- WHAT NEEDS TO BE DONE: The lines to return are those from the line holding "POODLE IRKININ EN ÖZEL RENKLERİNDEN SİLVER 1" through the last line of the entries below, both included, written exactly and without pictures.

+++ DATA FOR PROCESSING

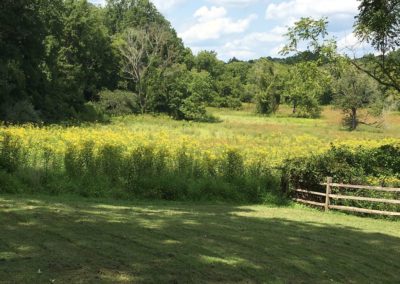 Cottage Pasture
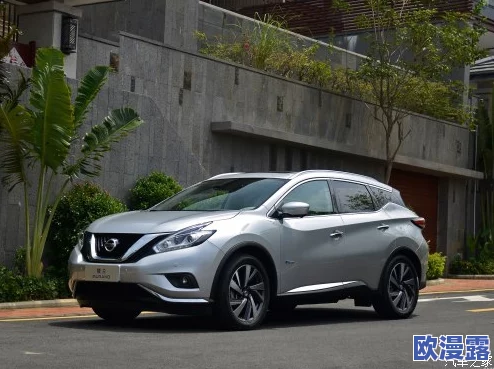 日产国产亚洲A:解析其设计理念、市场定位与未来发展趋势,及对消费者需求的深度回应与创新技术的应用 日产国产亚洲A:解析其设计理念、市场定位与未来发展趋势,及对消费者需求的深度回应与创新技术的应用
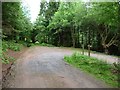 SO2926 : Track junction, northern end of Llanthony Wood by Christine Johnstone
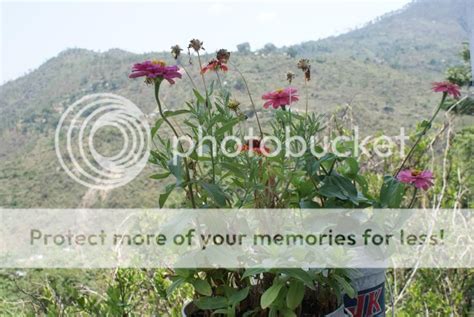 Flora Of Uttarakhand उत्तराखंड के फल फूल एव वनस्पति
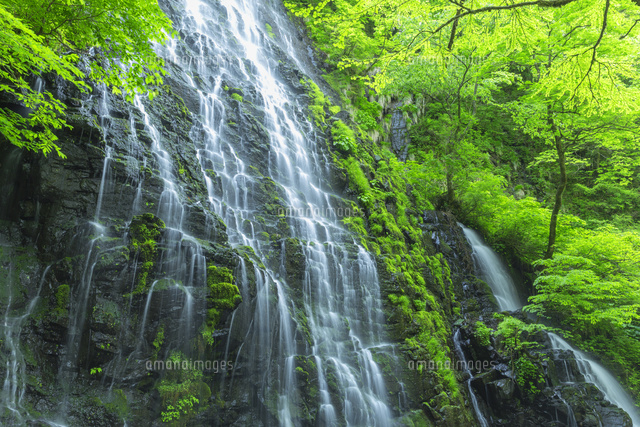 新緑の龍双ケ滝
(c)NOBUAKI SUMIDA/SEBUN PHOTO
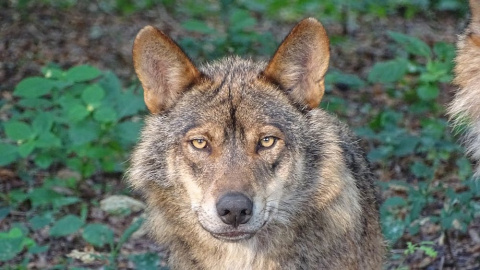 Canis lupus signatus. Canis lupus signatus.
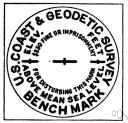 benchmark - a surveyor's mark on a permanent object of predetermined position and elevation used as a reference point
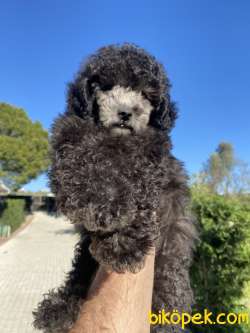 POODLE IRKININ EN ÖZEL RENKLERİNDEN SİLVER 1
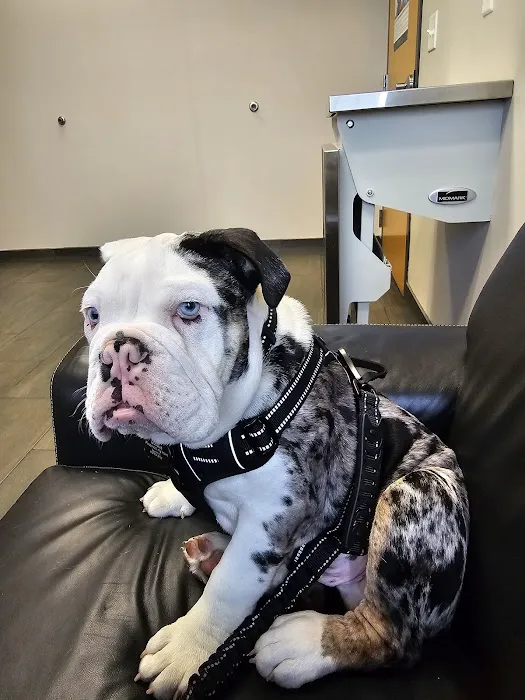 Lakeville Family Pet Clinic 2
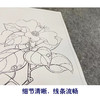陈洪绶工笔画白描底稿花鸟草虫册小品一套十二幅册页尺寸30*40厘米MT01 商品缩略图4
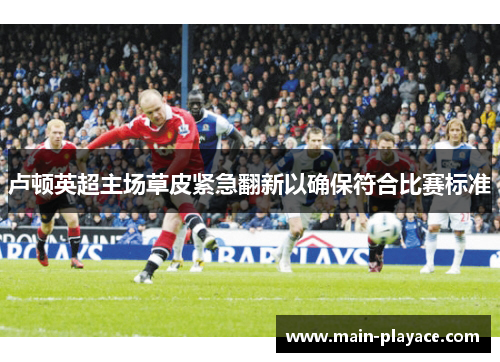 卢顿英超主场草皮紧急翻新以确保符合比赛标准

++++++

- TASK OUTPUT:
 POODLE IRKININ EN ÖZEL RENKLERİNDEN SİLVER 1
 Lakeville Family Pet Clinic 2
陈洪绶工笔画白描底稿花鸟草虫册小品一套十二幅册页尺寸30*40厘米MT01 商品缩略图4
 卢顿英超主场草皮紧急翻新以确保符合比赛标准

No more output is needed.